News | August 19, 2014

HUBER+SUHNER With Significant Increase In Order Intake And Improved Profitability


The first six months of 2014 showed positive momentum for HUBER+SUHNER. Net sales at CHF 366.8 million were, as expected, 5.4% lower compared to 2013. In organic terms, before taking currency and copper effects into consideration, sales were almost at the same level (-0.7%) as in the previous year. At the same time, order intake (+16% on CHF 408.9 million) picked up significantly, primarily in Fiber Optics as well as in Radio Frequency. EBIT increased to CHF 33.8 million (+14.9%). Profitability grew markedly in the first half-year with an EBIT margin of 9.2% surpassing the medium-term target range.

The pleasing increase in order intake was mainly based on the LTE roll-outs related to the introduction of the 4G mobile communication standard. The HUBER+SUHNER customer base for this application is now broader in geographical terms.
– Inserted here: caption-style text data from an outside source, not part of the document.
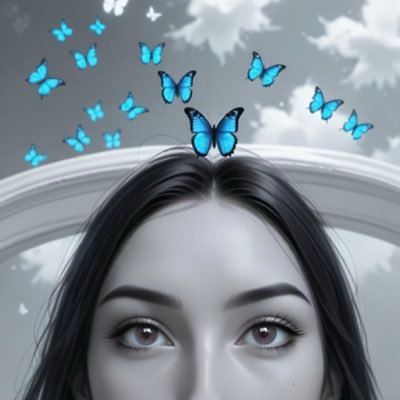 Chia🦋's profile picture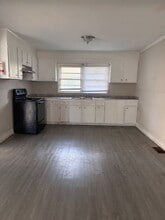 3230 Rosemary Ave in Jackson, MS - Building Photo - Building Photo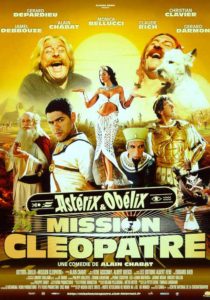ASTERIX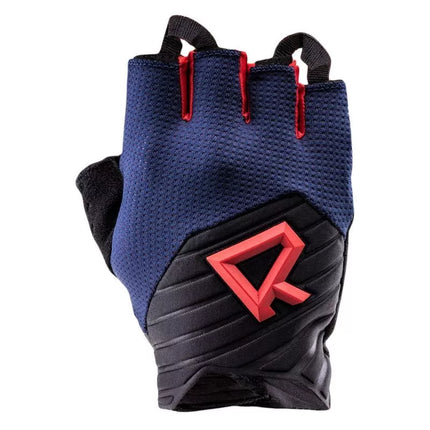 Radvik Cutort Gloves M 92800404795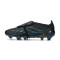 Chaussure de football adidas adidas Predator Elite FT FG Equipment
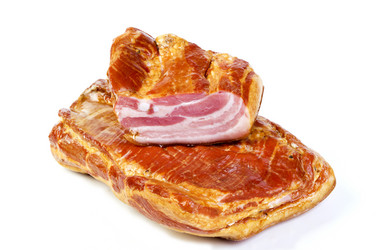 Similar image 513272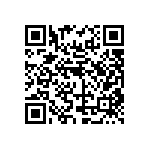 NKN3WSJR-73-0R39 QRCode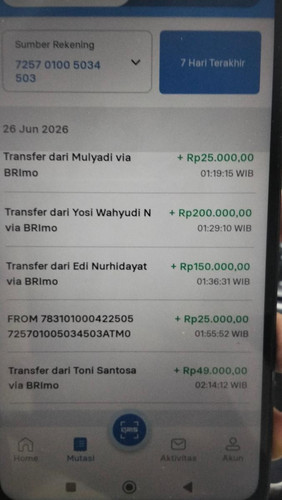 2026 06 27 06 46 00 05.jpg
The market segment railway also grew compared with the equivalent period of the previous year and has a substantial volume of projects in the pipeline. Furthermore, a strong boost was seen particularly in Asia, with China, India and Australia currently achieving the highest growth rates.

As expected, net sales of CHF 366.8 million in the first half-year lagged behind the strong equivalent period of the previous year (-5.4% recorded, -0.7% organically), but increased noticeably in comparison with the second half of 2013. The key influencing factor for this was the base effect of the FTTA (Fibre to the Antenna) wave in North America in the first half of 2013. By contrast, the positive trend in the market segment railway continued, supported by large-scale projects in China and Europe and the generally increasing importance of communication technology in trains.

The three main markets of HUBER+SUHNER developed quite differently in the first half of 2014. In Communication, sales decreased by 5.7%. Nevertheless, the 42% higher order intake shows a very positive momentum in the first six months. In Transportation, sales picked up by 4.8%, whereas in Industry sales decreased by 16%.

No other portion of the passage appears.